Frequentemente retratado através de reflexos de janelas e espelhos através da luz noturna de uma Londres distante, num prédio enorme às margens da metrópole inglesa, cujas luzes e cacofonia soam como uma pintura fria e inalcançável, as coisas não parecem estar nada bem para Adam. Harry, o personagem de Paul Mescal e único outro morador do prédio, reclama do silêncio opressivo que impera na região, desértica e umbrosa. 

O verdadeiro horror de nossos fantasmas está em como assombram nossas escolhas e nossa memória, e não quartos escuros. Esses, não existe de fato como derrotar, no máximo conviver. E na sociedade moderna, o maior nutriente para eles está na solidão e alienação que progridem nesse ritmo desenfreado de uma vida vazia e ansiosa, urgente por conexões reais que parecem frutos de uma ficção. É a distância entre os andares e janelas de Adam e Harry, ou a do prédio com a região urbana de Londres. É palpável, visível, e ainda assim, intangível. 

O cinema de Haigh é compreensível, empático, mas também impiedoso. Como o lendário Wong Kar-wai. Ele reconhece nossos desejos, nossas tristezas, e as desnuda somente para revelá-las impossíveis, frustradas. Há uma dor perene mesmo na satisfação e no prazer, como se convivessem com a iminência do fim. Sem respostas doces e até um pessimismo trágico em sua abordagem (algo também visto em seu longa 45 Anos).

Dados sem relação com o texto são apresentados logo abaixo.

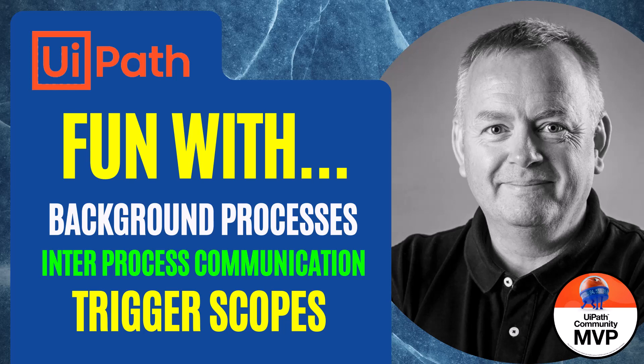Hi, and welcome to another video here on my channel, UiPath with Jeppe. Today, we're not going to do any one specific thing. We're just going to have some fun with some activities and concepts. They are the background processes, inter-process communication, and we're going to tie it all together with trigger scopes. This is not going to be a long video, and we'll have some fun along the way. So let's get to it.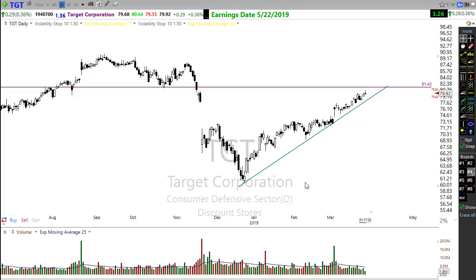Do you guys feel a little bit more comfortable with support, resistance, and trend? Now I want you to practice this — it's not going to work if you don't draw up charts and practice. Go through your charts and mark them up. Look for those levels, see what that chart is telling you. Pay attention to that price action — price is king.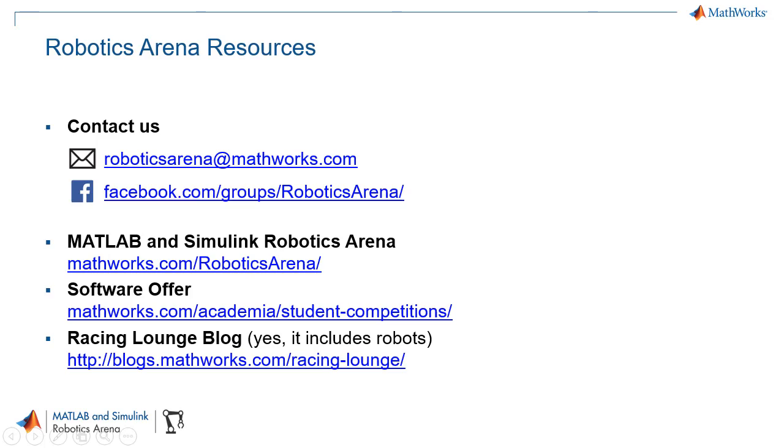That brings us to the end of this video. I hope you find this video useful for learning how to program vision sensors for any of your robotics applications. Feel free to get in touch with us either through our Facebook group or our email address roboticsarena@mathworks.com and make sure to check out the links in the description for more robotics content.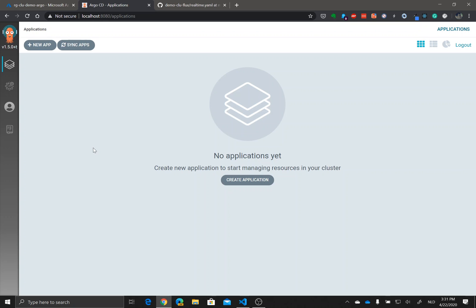Hello everyone and welcome to a new video on my channel, this time about integrating Argo Rollouts with Argo CD. What you see in front of you right now is the Argo CD user interface, a tool for continuous deployment using a GitOps approach.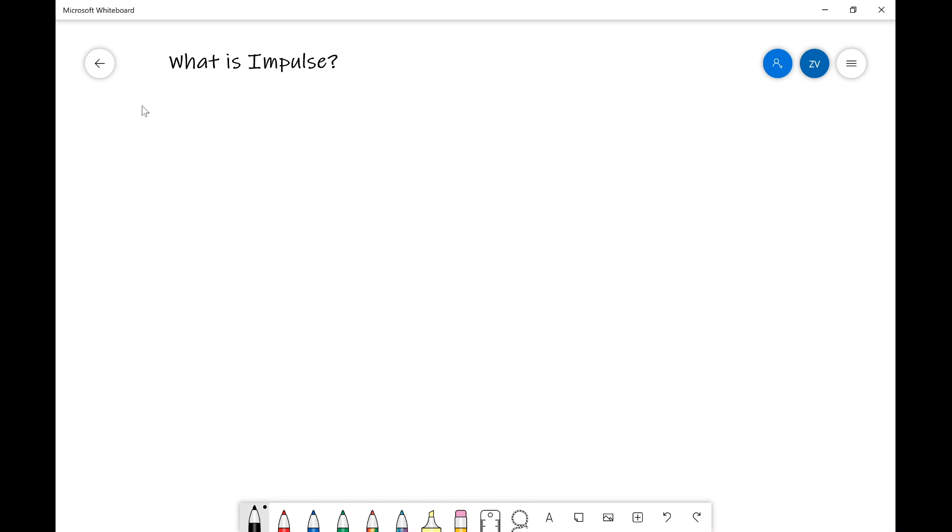In today's video, we're going to be discussing the question, what is impulse?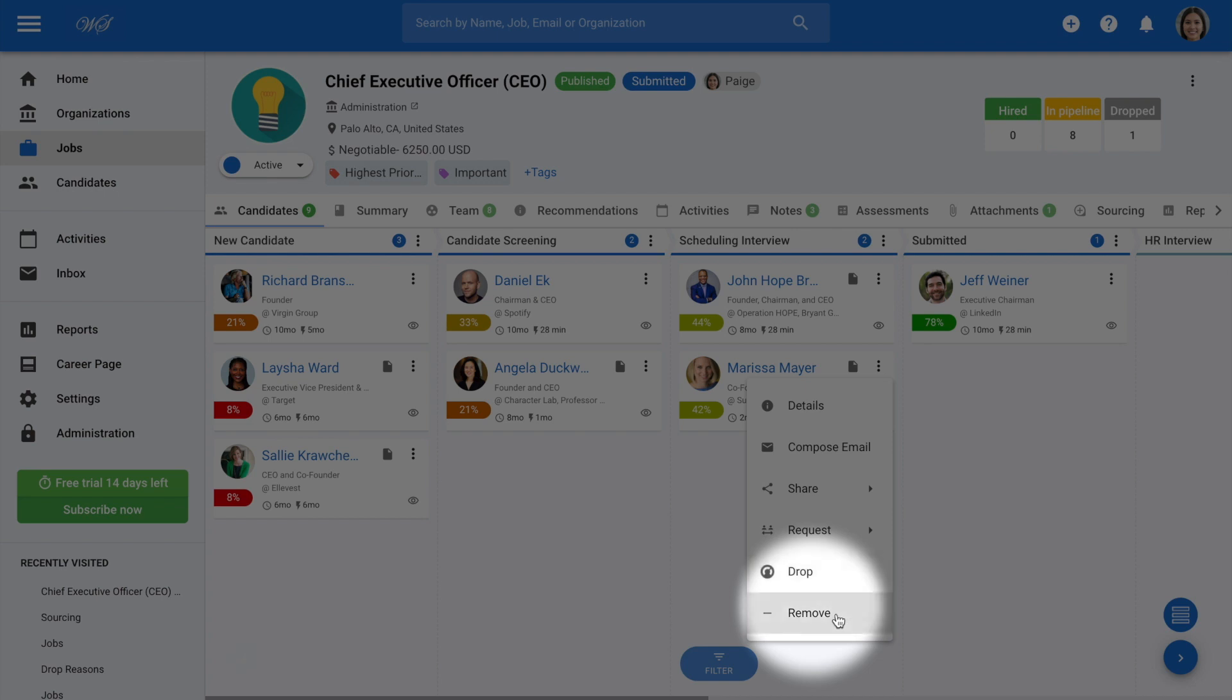As for removing a candidate, this means that the candidate will be removed from the job without any record of having ever been added to the job.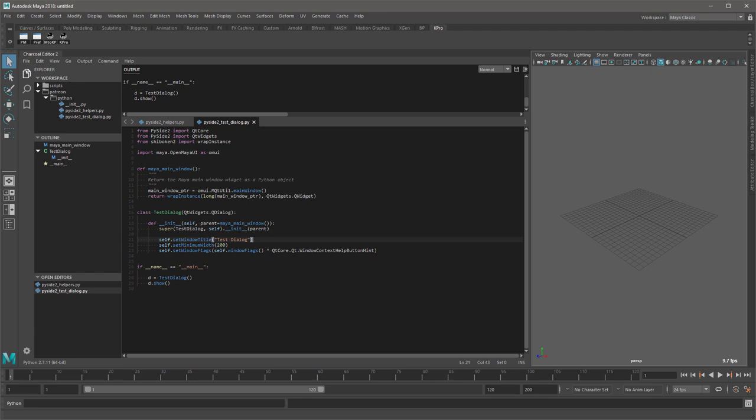Starting with Maya 2017, Autodesk switched to Qt5 and PySide2. Previously it was using Qt4 and PySide. All of these tutorials will use Qt5 and PySide2, so you will need to be using at a minimum Maya 2017. At the time of this recording I am using Maya 2018 update 3.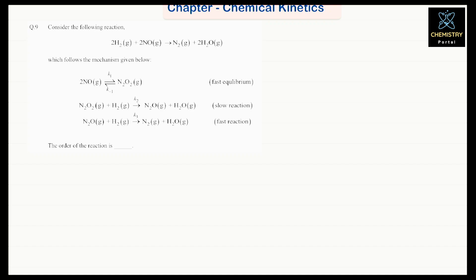Hello students, welcome to Chemistry Portal. In today's video, we will solve an important PYQ from JEE Advanced on chemical kinetics. So first of all, read the question here.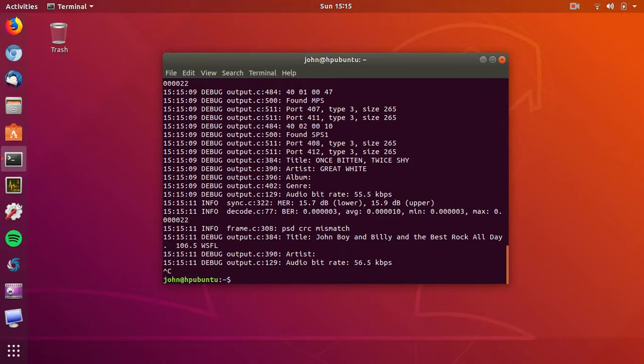Now take a look at this. This is an HD station, and if I go for the number one channel...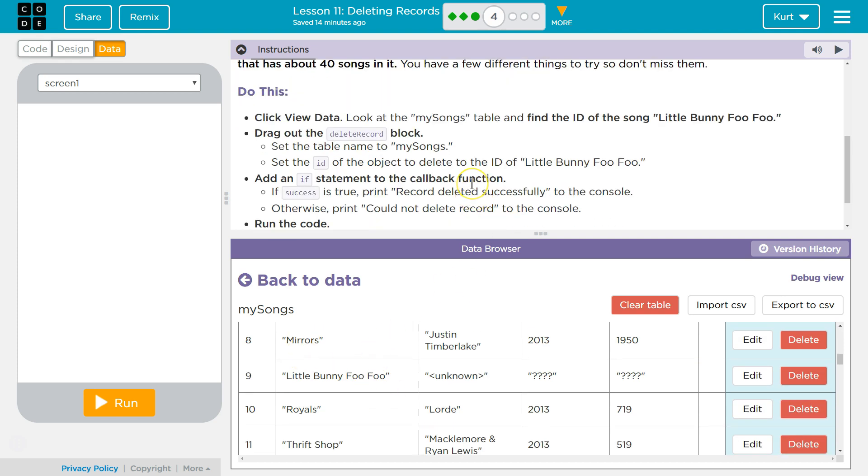Add an if statement and a callback function. If true is successful, print record deleted to the console. Otherwise, could not delete the record. Okay, so Little Bunny Foo Foo is 9.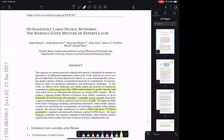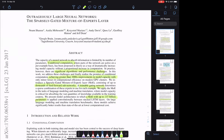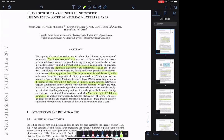Let's go through the abstract. They start off by mentioning conditional computation, where parts of the network are active on a per-example basis, proposed as a way of dramatically increasing model capacity. This is very relevant to our sparsity work. If you do things naively, conditional computation can occur and that destroys performance. They point that out here: in practice there are significant algorithmic and performance challenges.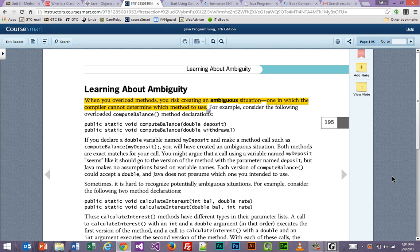We are going to continue Chapter 4 now, starting on page 195, and we're going to talk about this ambiguity just a little bit. Here, basically, the whole point is it says you risk creating an ambiguous situation when the compiler cannot figure out which method to use.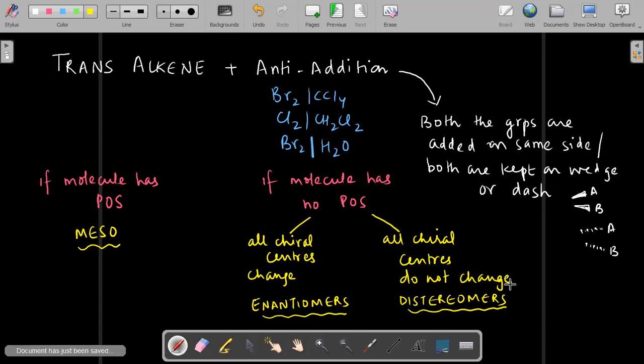To recap: for a trans-alkene with anti-addition, since we are adding two groups in anti-fashion, both groups end up on the same side — keep both either on wedge or both on dash. If the molecule has a plane of symmetry, the compound obtained is one product — a meso compound. If there is no plane of symmetry and all chiral centers change from wedge to dash or dash to wedge, we get enantiomers. If all chiral centers do not change, we get diastereomers.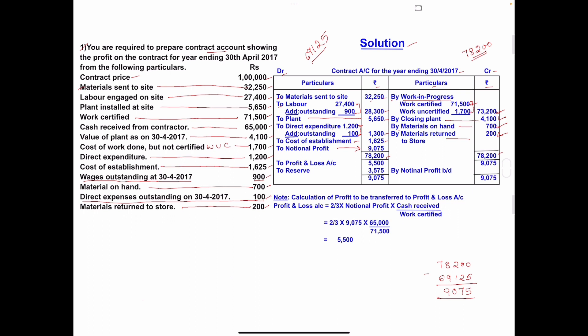If the difference amount falls on the debit side, it is called notional profit; if on the credit side, it is called notional loss. In this problem we have notional profit of 9,075. This notional profit is transferred to profit and loss account and reserve. Based on four conditions using work certified versus contract price, we determine how much to transfer to profit and loss account.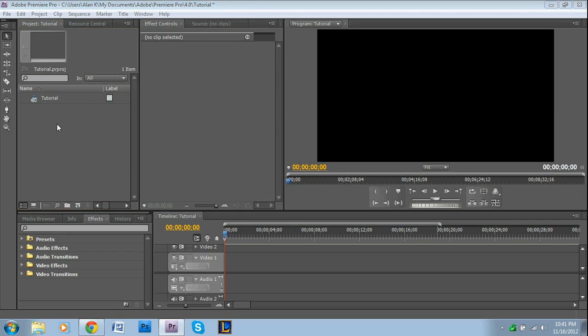Hey guys, welcome to another video tutorial brought to you by Premiere Pro Tips. I'm Alan, and yeah, it's been a while since I've done one of these. The reason for that is I just sort of ran out of ideas really.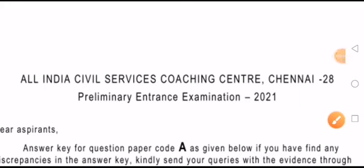Hi friends, we are going to talk about the All India Civil Service Coaching Center Preliminary Entrance Examination.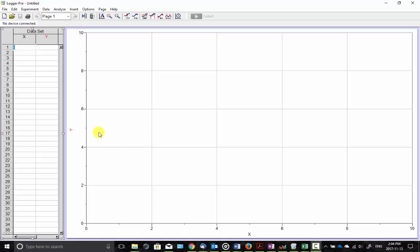This video is going to show just how easy it is to plot position and velocity data using Logger Pro.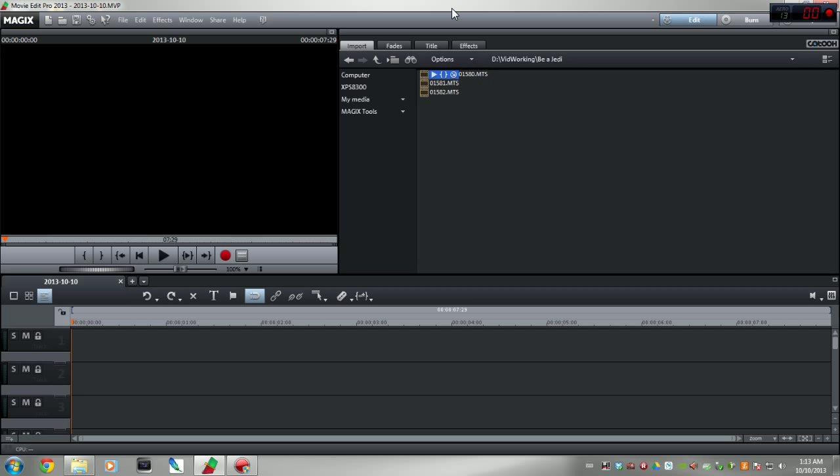Hey guys, it's Adam here, your Northern Tech, and today we're going to do a little tutorial video. First off, we're going to start with Magix Movie Edit Pro. As you can tell, I'm using version 2013. It's not the latest—2014 just came out—but it'll do the job.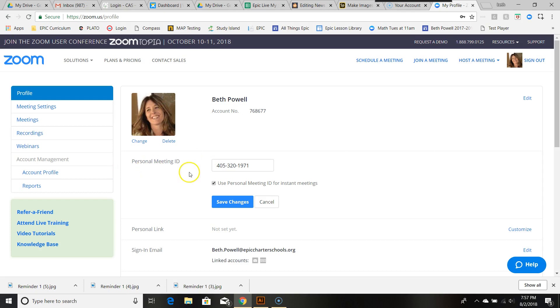This is your personal meeting ID. Zoom assigns you one, and it's three digits and a dash, three digits and a dash, and then four digits—the same as our ten-digit phone numbers.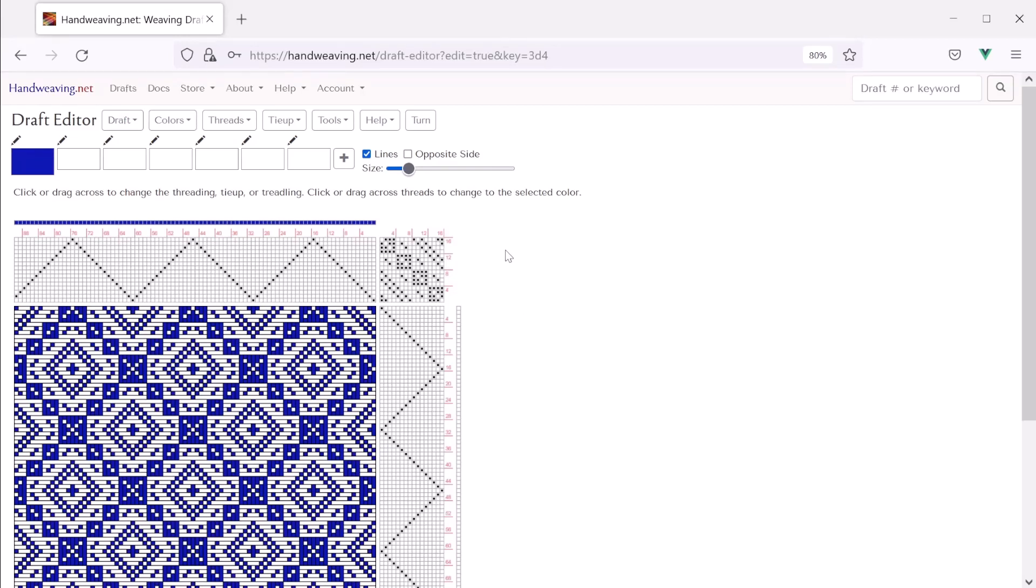So that's all there is to the basics of the handweaving.net draft editor. There are more things in these buttons that I didn't show, but they're pretty self-explanatory. You shouldn't have any trouble figuring them out. And please go make some beautiful things. And thanks for watching.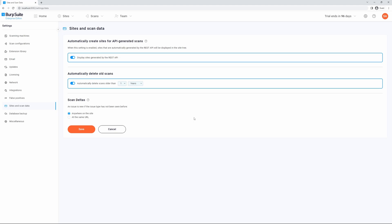In this video, we'll review how to configure site and scan data settings. You can configure Burp Suite Enterprise Edition to create new sites for API-generated scans. You can also change the criteria that identify issues as new and manage whether old scans are automatically deleted.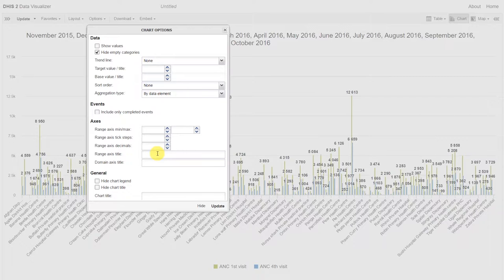For a horizontal bar chart like we have right now, we will define the range as the y-axis and the domain as the x-axis.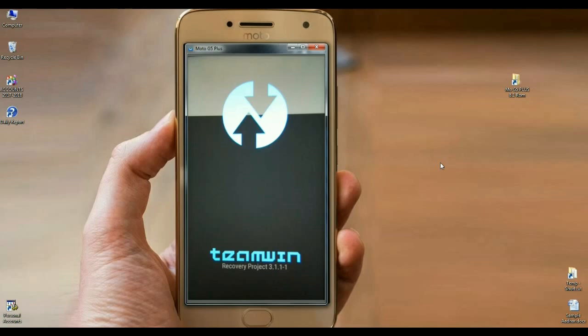Before installing this ROM, I have certain conditions for you. First condition is the developer options must be enabled in your Moto G5 Plus. And the second condition is bootloader must be unlocked in Moto G5 Plus. How to do this, I will show you in my previous video, you can find it in the description.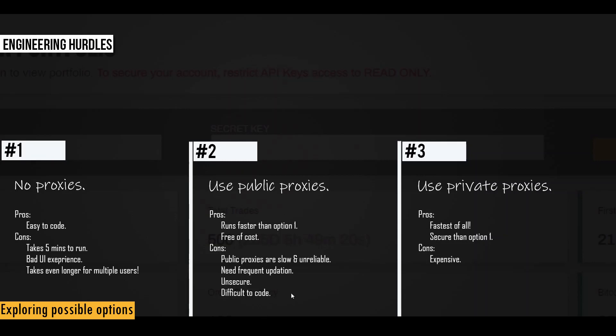And it also increases the complexity of code because I also have to account for public proxy. So I have to include retry option, and I also have to include timeout option in the code. I have to handle all the possibilities in the code to make sure that we are able to run it properly using public proxy service.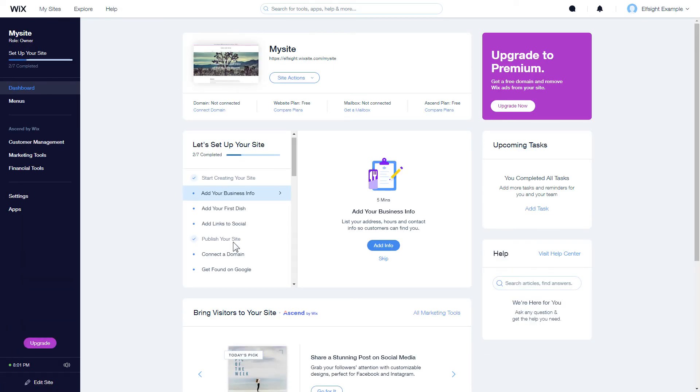After you've logged in to your Wix admin panel, choose a website for the widget and click Edit Site.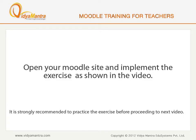Now, open your Moodle site on your computer and implement the exercise as shown in the video before proceeding to the next video.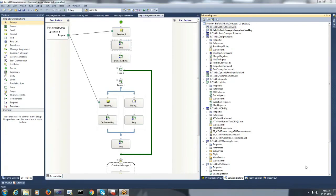Hello everyone, welcome to today's session. Today I would be talking about some design patterns that we can implement in a BizTalk interface. First, let me give a code walkthrough of the Sequential Convoy Singleton design pattern.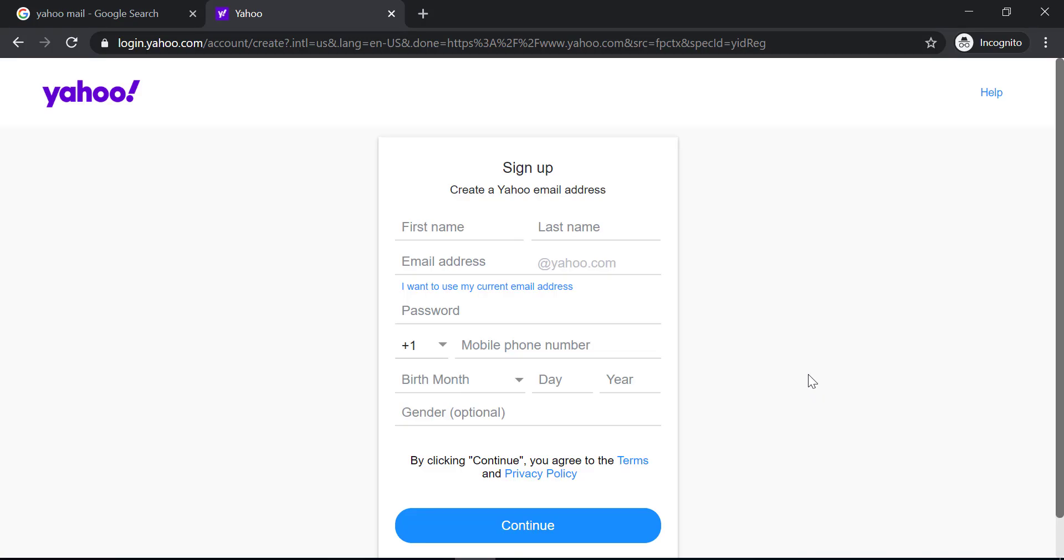There you have to fill in your details like first name, last name, email address, password, mobile phone number, birth month, birthday, birth year, and gender.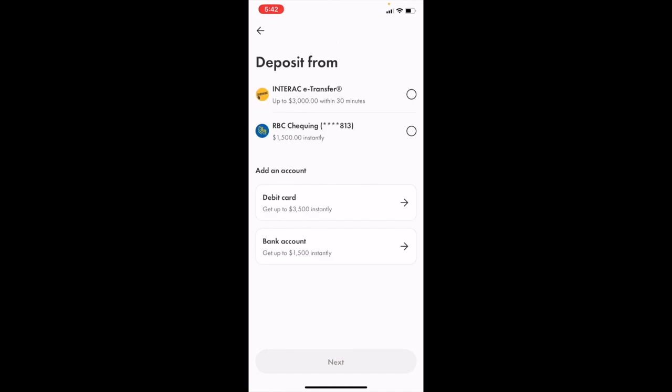Once you're here, since I'm with RBC, I can transfer up to $1,500 directly from my RBC checking account. You can also use the Interac e-transfer feature and get up to $3,000 within 30 minutes.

Baseado num livro japonês, a atmosfera sobrenatural e intimista é bem característica da cultura deste país, traduzida para um contexto contemporâneo Ocidental e queer, Haigh cria uma poesia melancólica que surge como uma catarse através do lamento de quem implora por ser amado e integrado sem saber derrubar as muralhas construídas pelo tempo e tantos maus-tratos do destino. As coisas não acabam bem para todo mundo, e às vezes, seguiremos sempre somente isso, estranhos, orbitando em busca de alguma atração verdadeira. Ou somente imaginado as que perdemos.